We think the congressman meant to describe the “lie” as bald-faced, not bold-faced.
(Interestingly, in reporting Clyde’s statements, some publications, including The Gainesville Times, which is located in his North Georgia district, and Business Insider, actually corrected the expression for him.)
A bald-faced lie is one that is obvious, unambiguous, and readily apparent—like the visage of a person unobscured by facial hair. Bald-faced is a pejorative term, as it more specifically means shameless or brazen, which is the sense Rep. Clyde intended. A synonym is barefaced, a word that Merriam-Webster’s online dictionary tells us emerged in the late 16th century to refer to a beardless or unmasked face. Barefaced came to have a negative connotation, like unscrupulous. Roughly in the mid-20th century, bald-faced lie started replacing barefaced lie in American publications.
So, what then is a bold-faced lie? One that appears in thick type, like the font style for a newspaper headline? Does bold-faced lie make as much sense as bald-faced lie—in the context that Rep. Clyde used the idiom?
That’s not to say that boldface isn’t a legitimate term. Used correctly, it means important or deserving of emphasis: “The guest list included several boldface names.” In that sentence, it would not be incorrect to write bold-faced instead of boldface, but, according to Bryan Garner’s Modern American Usage (3d ed.), boldface is the preferred spelling.
To be fair, people often mistakenly say or write bold-faced when describing an audacious or unabashed untruth. But in your legal briefs and oral arguments before the court, you don’t want to do that. Being a good lawyer is, if nothing else, about wielding words and expressions correctly—with precision and careful control. For that reason, as we advised in this column several years ago, keep a usage guide handy (https://www.sfbar.org/blog/legal-writing-tip-keep-a-usage-guide-handy/).
Here are two other frequently flubbed expressions:
Champing at the bit
If someone is feeling restless, or waiting impatiently to do something, they are more correctly described as champing at the bit, not chomping at it.
To champ is to make biting or gnashing movements. Champing at the bit refers to the way a racehorse nervously gnaws at its metal bit, eager to break from the starting gate. But the horse does not chomp the bit—it does not actually take a bite out of it or eat it.
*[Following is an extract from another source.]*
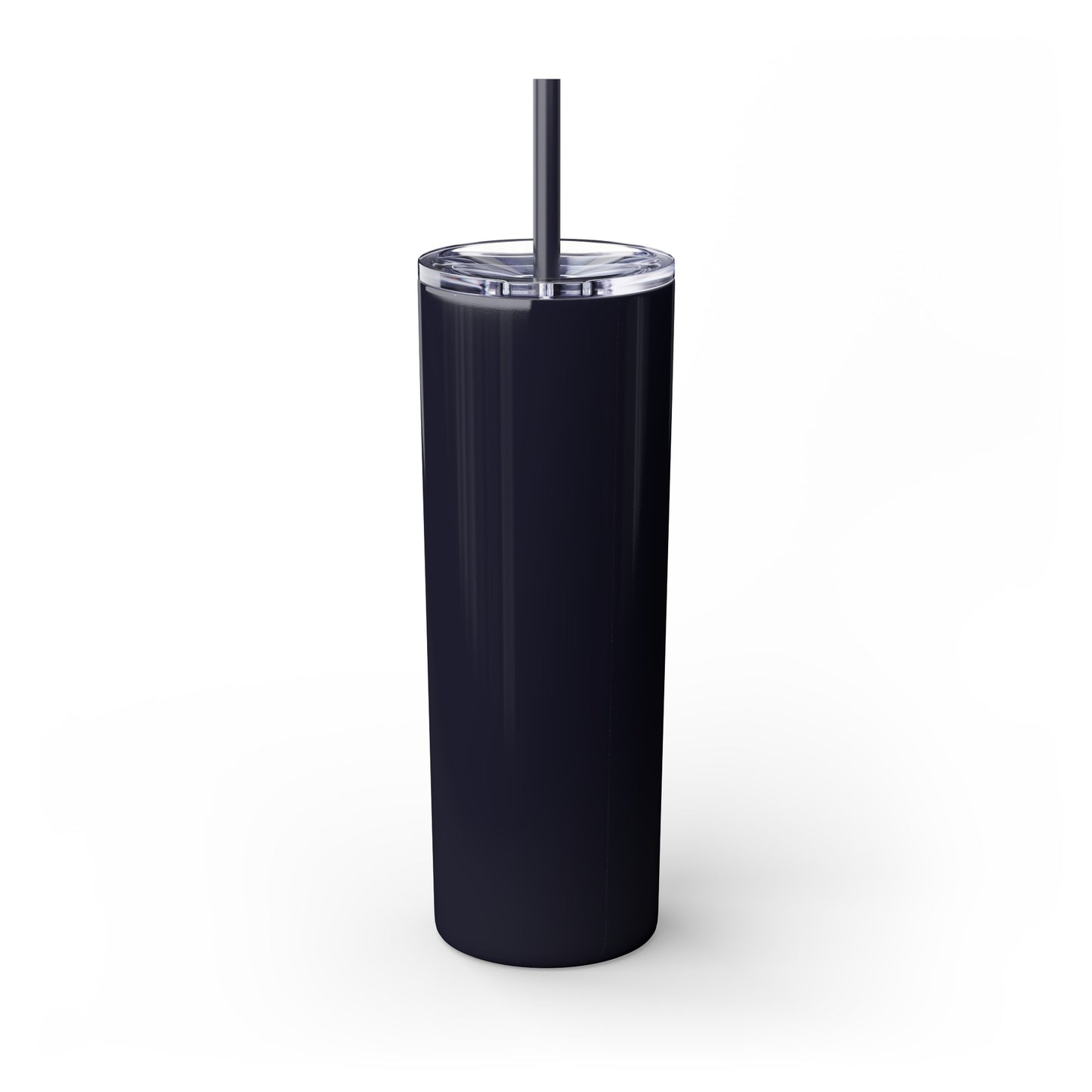 Bride Crew Skinny Tumbler with Straw, 20oz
In Modern American Usage, published in 2009, Garner notes that appearance of chomping at the bit in print instead of champing at the bit has reached Stage 4 of the “Language-Change Index,” meaning the swap has become “virtually universal but is still opposed on cogent grounds by linguistic stalwarts.” Applying his “School-Discipline Analogy,” saying or writing chomping at the bit in lieu of champing at the bit warrants a 1-hour detention, and, according to his “Etiquette Analogy” chart, using the less preferred form compares to dining with your elbows on the table. Certainly, that little faux pas is not nearly as objectionable as “audibly farting,” which is Garner’s “Etiquette Analogy” for a misuse that is at Stage 1 of the Language-Change Index. But if you met the judge for supper at a nice restaurant, would you eat with your elbows on the table? We think not. So, stick with champing at the bit when addressing the court.
Speaking of horse tack…
Free rein
In reviewing legal briefs, we’ve also seen free reign mistakenly used where the meaning of free rein is intended.
The expression free rein originated as a bit of horseback-riding jargon that Merriam-Webster says first appeared in print with the figurative meaning of “freedom of action” in the 17th century. Reins are the straps that riders use to control their steeds. When you give a horse free rein, you are holding the straps so loosely that the horse can set its own pace and go wherever it chooses.
Reign, on the other hand, is “royal authority”—the “sway or influence” that monarchs have over their domains. Merriam-Webster defines the verb form as “to possess or exercise sovereign power,” or “to hold power as chief of state although possessing little [or no] governing authority,” or “to be predominant or prevalent,” as in this sentence: On January 6, 2021, chaos reigned in the Capitol.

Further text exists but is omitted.